Yine bu projede, direkler arasında oluşan ve çatının gölge yaptığı yollara, yüz milyonlarca adet saksı yerleştirilecek. Bunların yerleştirilmesi, gerektiğinde değiştirilmesi kısmında da bu araçlar mümkün olduğunda kullanılacak. İlk safhalardan itibaren arazinin ağaçlandırılması için de gerekenler yapılacak. Bu araçlar o kısımlarda da çok işe yarayacaklar.

İş öyle bir yere gidecek ki Arap yarımadasındaki kumluk çöllerden kumların vakumlanması kısmında bile bu araçlar kullanabilecek. Ona göre de kabinleri olacak, kumları içe çekecekler. Uçup gelip limandaki gemilere havadan, hiç konmadan bile boşaltabilecekler. Ya da geçici bir süre için limana yakın bir yerde belirlenmiş olan yerlere de boşaltabilecekler. Zorlanmadan kumdan bir dağ oluşturabilecekler. İstenirse bu kumdan dağ, dip kenar kısmından vakumlama yapan borulu sistemlerle de gemilere kumları yükleyebilir.

İstenirse bu araçların sırt orta kısımlarına, insan operatörler için kabinler de kolayca takılabilecek. İstendiğinde kolayca sökülebilecek.

Daha birbirleriyle bağlantılı türlü türlü projeler, teknikler, araçlar, fikirler, ihtimaller var.

Devasa şantiyeler için, idarecilerin, mühendislerin, muhtelif konuların uzmanı olanların, acil tıbbi müdahale uzmanlarının, sahada bulunması şart olan herkesin ikamet edecekleri binalar lazım değil mi?

Hatta pek çok şantiyede, çok yüksek sayıda (en az on binlerce) çalışan için ikamet yerleri ayarlamak mecburiyeti olmayacak mı?

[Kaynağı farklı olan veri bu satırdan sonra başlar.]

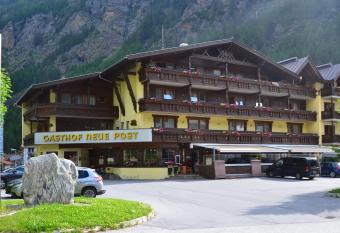 Hotel Neue Post has Balcony rooms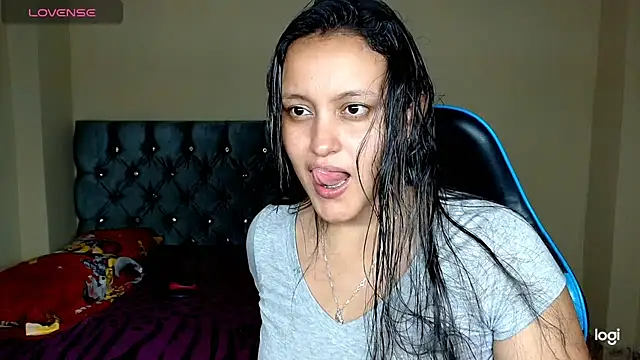 sexy nurse  online show from January 15, 2025, 3:33 am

O binaların modül modül taşınan, şantiyede bir araya kolayca montajlanan, sonra istendiğinde modüllere ayrılarak başka yerlere kolayca taşınan, onlarca sene sorunsuz kullanılan, kullandıkça bedavaya gelen, ısı ve ses yalıtması mükemmel olan binalar olması gerekmez mi?

Çadırlarla, konteyner/prefabrik konutlarla olacak iş değil. Bu meselede de çağın imkanları kullanılarak akılcı çareler geliştirilebilir.